Aunque nada hay de innoble en la basura, sobre todo si se recicla debidamente, nunca me pareció adecuado el vocablo.
Resulta descalificador para la mayoría que disfruta con esos espacios, y las mayorías merecen un respeto, aunque en ocasiones resulten muy peligrosas, que lo mismo aupan a un imbécil al poder que convierten en estrella a una descerebrada.
Es muy posible que hurgando en la basura de alguien pudiéramos obtener un determinado perfil: una botella vacía de Dom Perignon o unos envases de mostaza de Fauchon no sugieren lo mismo que unas latitas de atún en escabeche estilo dos por el precio de una.
Nuestras bolsas de residuos tienen algo de autobiográfico, y son clasistas como la vida misma. Por el contrario, los consumidores de la llamada telebasura son la pura transversalidad, y proceden de todos los estratos sociales.
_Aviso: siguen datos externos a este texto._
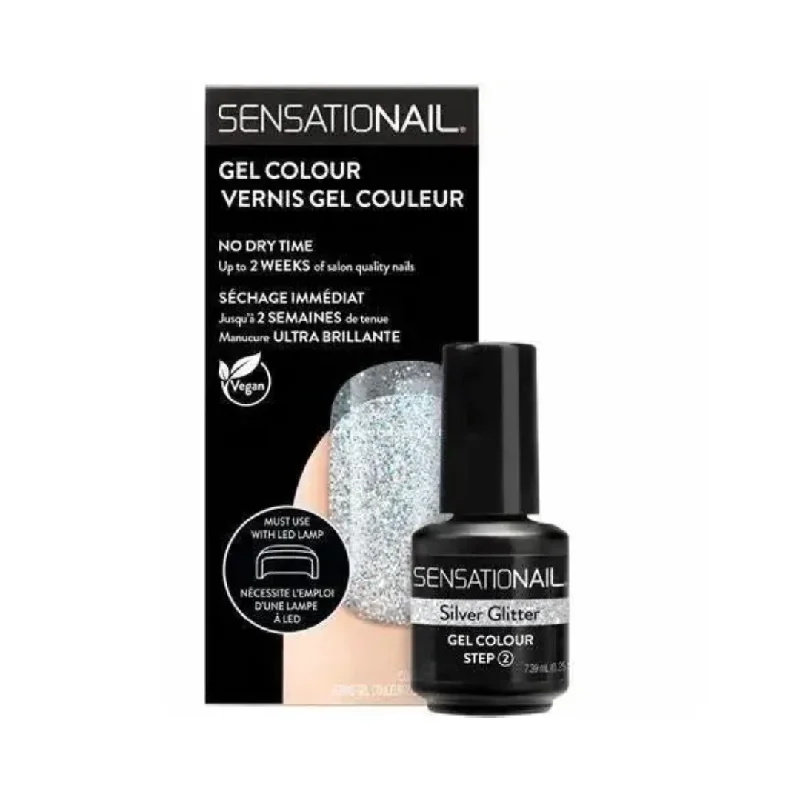 Plush nail polish for plush beauty-Sensationail Gel Polish Silver Glitter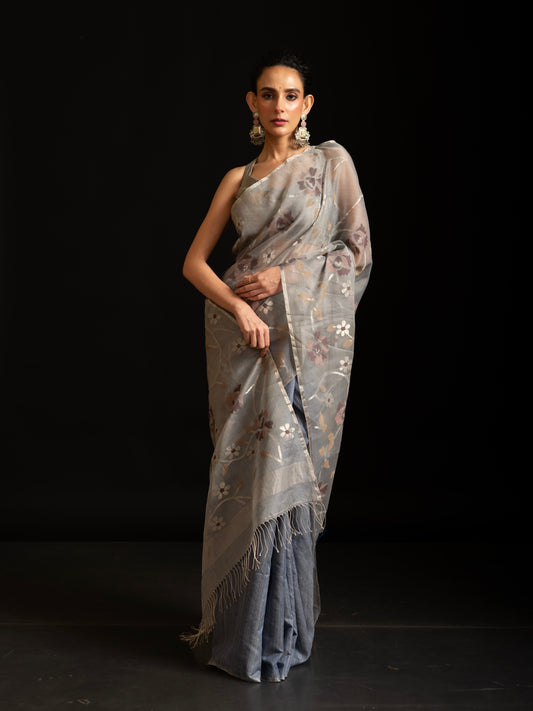 Grey Pure Organza and Matka Silk Jamdani Handloom Saree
O, para ser más exactos, sólo los pobres salen en la tele contando gratis sus miserias, para entretener a todo tipo de espectadores y también a los más acomodados.
La satisfacción de la propia riqueza se crece mucho con la contemplación de las penurias ajenas, y en eso la televisión es mano de santo.
El éxito de la telebasura se fundamenta en un hábito tan viejo como la humanidad: la necesidad de contar historietas y de recrearse escuchándolas.
Ignoro por qué se insiste tanto en asociar la basura con el medio televisivo, y tan poco con otros soportes dónde también abundan los desechos y la pestilencia.
Ninguna de las espantosas películas del cine español ha recibido ese descalificador calificativo, y encima han sido financiadas por la Administración, con el dinero de todos, como dicen los cursis.
Pero el cine español es sagrado. La derecha les teme y la izquierda los usa, de forma que, al final, la subvención sigue estando ahí, mande quien mande, respaldando los engendros.
También hay libros basura, pero nadie suele ocuparse en destriparlos. Cualquiera escribe hoy una novela, y lo que es peor, además se la publican. Nunca hubo tantos lectores, ni nunca se leyeron tan malísimos libros. Por no hablar de los políticos basura, cuyo sumo sacerdote es el señor Berlusconi, propietario de la cadena mas telebasurera de España. Un tipo muy coherente que predica con el ejemplo.
Por lo mismo, hay formatos televisivos que se salvan del anatema, cuando deberían merecerlo tanto o más que los denostados espacios del corazón.
También existe la ínfobasura, y documentales infames que elucubran acerca de los mayores desatinos adoptando el disfraz de un presunto rigor. Sin olvidar espacios de ficción que son un cúmulo de desperdicios. ¿Qué resulta más deleznable, que una petarda relate sus orgasmos, facturando a la productora a tanto por polvo, o que una serie como La República convierta un periodo histórico trascendental en una vulgarísima telenovela?.
Administrada en pequeñas dosis, su banalidad puede resultar incluso muy relajante, como pasa con las drogas blandas, incluyendo el Lexatín. Sería insoportable vivir todo el día con la conciencia en carne viva, buceando sin cesar en lo trascendente. La telebasura establece una tregua en nuestras ajetreadas y, en muchísimos casos, agobiadas vidas, y su efecto distensor cumple también una función social.
Últimamente consumo menos telebasura del corazón, pero sólo porque el nivel de las habladurías ha bajado mucho. Ni siquiera identifico a la mayoría de los personajes que venden sus enredos, y que ya son los primos del cuñado de la tía carnal de algún famoso por lo general ya fallecido. La saturación se está cargando el invento. Entre la basura que cada cuál genera y la que puede llegar a consumir, nuestra vida se parece cada día más a un vertedero.